Two choke valves v are arranged in the rear surface 31 of the arm 11b of the passage plate 11. The two choke valves V communicate with parts of the first and second rigid passages 21 and 22. Each choke valve V includes a circular groove 33 formed in the rear surface 31, a central projection 35 surrounded by the groove 33, and the film F2 adhered to the rear surface 31. Each first groove 17 communicates with the groove 33 of a corresponding one of the choke valves V. Each second groove 19 communicates with the central projection 35 of the corresponding one of the choke valves V. The openings of the second grooves 19 are closed to shut the first and second rigid passages 21 and 22 when the choke valves V function to bring its films F2 in contact with the central projections 35. The openings of the second grooves 19 are open to the first and second rigid passages 21 and 22 when the choke valves V function to space the films F from the central projections 35.

As shown in FIG. 2, third to fifth rigid passages 23 to 25 are formed on a front surface 41 of the passage plate 13. Each of the third to fifth rigid passages 23 to 25 is formed by a third groove 43 and a fourth groove 45. Each third groove 43 extends from the coupler plate 13a to the arm 13b. Each fourth groove 45 extends from a middle position of the arm 13b to a distal end of the arm 13b. Three choke valves V are arranged in a rear surface of the arm 13b. The three choke valves V communicate with parts of the third to fifth rigid passages 23 to 25. The other parts of the passage plate 13 is substantially the same as the corresponding structure of the passage plate 11.

Cartridge holders 14a and 14b are respectively connected to the coupler plates 11a and 13a. The cartridge holder 14a detachably holds two ink cartridges (black cartridges B) containing black ink. The cartridge holder 14b detachably holds three ink cartridges (i.e., a cyan cartridge C, a magenta cartridge M, and a yellow cartridge Y) respectively containing cyan ink, magenta ink, and yellow ink. Therefore the ink cartridges B, C, M, and Y are detachable from the passages 21 to 25 and 51 to 55. Each ink cartridge may be an ink pack. The ink cartridges or the ink packs function as liquid sources.

In the preferred embodiment, the printer 1 is an off-carriage printer. Pressurizing pumps P1 and P2, functioning as compressed air generation unit, are arranged in the frame 2. The pressurizing pumps P1 and P2 supply compressed air to the black cartridge B, the cyan cartridge C, the magenta cartridge M, and the yellow cartridge Y in order to supply the first to fifth rigid passages 21 to 25 with ink. For example, black ink is supplied from the black cartridge B to the first and second rigid passages 21 and 22. Cyan ink is supplied from the cyan cartridge C to the third rigid passage 23. Magenta ink is supplied from the magenta cartridge M to the fourth rigid passage 24. Yellow ink is supplied from the yellow cartridge Y to the fifth rigid passage 25.

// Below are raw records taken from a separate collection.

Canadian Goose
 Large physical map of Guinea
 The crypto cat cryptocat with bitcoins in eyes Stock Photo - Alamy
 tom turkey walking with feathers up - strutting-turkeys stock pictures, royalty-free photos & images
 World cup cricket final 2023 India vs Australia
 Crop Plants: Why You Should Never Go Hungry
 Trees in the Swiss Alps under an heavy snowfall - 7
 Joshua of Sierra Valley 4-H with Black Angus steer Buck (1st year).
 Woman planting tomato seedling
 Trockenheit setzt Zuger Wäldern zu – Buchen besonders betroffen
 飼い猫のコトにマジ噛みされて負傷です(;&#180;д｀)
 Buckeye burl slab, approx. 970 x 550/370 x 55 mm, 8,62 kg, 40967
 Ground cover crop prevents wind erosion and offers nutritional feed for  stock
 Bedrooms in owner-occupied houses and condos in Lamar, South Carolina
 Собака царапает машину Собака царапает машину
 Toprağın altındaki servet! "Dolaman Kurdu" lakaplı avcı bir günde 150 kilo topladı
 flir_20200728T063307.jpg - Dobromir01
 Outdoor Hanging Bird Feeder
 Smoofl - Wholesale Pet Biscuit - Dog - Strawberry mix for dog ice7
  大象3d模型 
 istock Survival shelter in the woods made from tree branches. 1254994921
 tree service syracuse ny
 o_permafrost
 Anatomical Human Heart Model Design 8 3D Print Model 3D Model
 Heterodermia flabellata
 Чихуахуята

As shown in FIGS. 1 and 2, a bundle 47 of flexible tubes or belts (tube bundle 47) connects the passage plates 11 and 13 to a socket or a branch passage assembly 61, which is arranged in the carriage 8. The distal end of the tube bundle 47 is connected to the branch passage assembly 61 through an insertion hole formed in the carriage 8. The basal end of the tube bundle 47 is connected to the distal ends of the arms 11b and 13b. The tube bundle 47 includes first to fifth flexible passages 51 to 55 that communicate with the first to fifth rigid passages 21 to 25, respectively. The inks supplied from the black cartridge B flow to the first and second flexible passages 51 and 52, the ink supplied from the cyan cartridge C flows to the third flexible passage 53, the ink supplied from the magenta cartridge M flows to the fourth flexible passage 54, and the ink supplied from the yellow cartridge Y flows to the fifth flexible passage 55.

As shown in FIGS. 4 and 5, the branch passage assembly 61 includes a case 63 and a film F3. The case 63 is thin box-shaped. The film F3 is adhered to a front surface 71 of the case 63. The case 63 includes a connection side surface 63a on which cylindrical first to fifth connection terminals 64 to 68 are formed. The first to fifth connection terminals 64 to 68 are respectively connected to the first to fifth flexible passages 51 to 55 of the tube bundle 47. The front surface 71 of the case 63 has a rectangular recession region 73, which is defined by an outer edge rib of the case 63. The case 63 includes first to fourth branching grooves 75 to 78 in the recession region 73. The first to fourth branching grooves 75 to 78 are defined by walls continuously extending from the outer edge rib of the case 63. The first to fourth branching grooves 75 to 78 communicate with the first to fifth flexible passages 51 to 55 of the tube bundle 47 via the first to fifth connection terminals 64 to 68, respectively.

First to eighth communication holes 81 to 88 are formed in the first to fourth branching grooves 75 to 78. The first to eighth communication holes 81 to 88 respectively communicate with eight hollow needles (not shown), which are arranged on the rear surface of the branch passage assembly 61. The line of the first to fourth communication holes 81 to 84 may be parallel to the line of the fifth to eighth communication holes 85 to 88.

As shown in FIG. 5, the first branching groove 75 includes first branch passages 101a and 10b. The second branching groove 76 includes second branch passages 102a and 102b. The third branching groove 77 includes third branch passages 103a and 103b. The fourth branching groove 78 includes fourth branch passages 104a and 104b.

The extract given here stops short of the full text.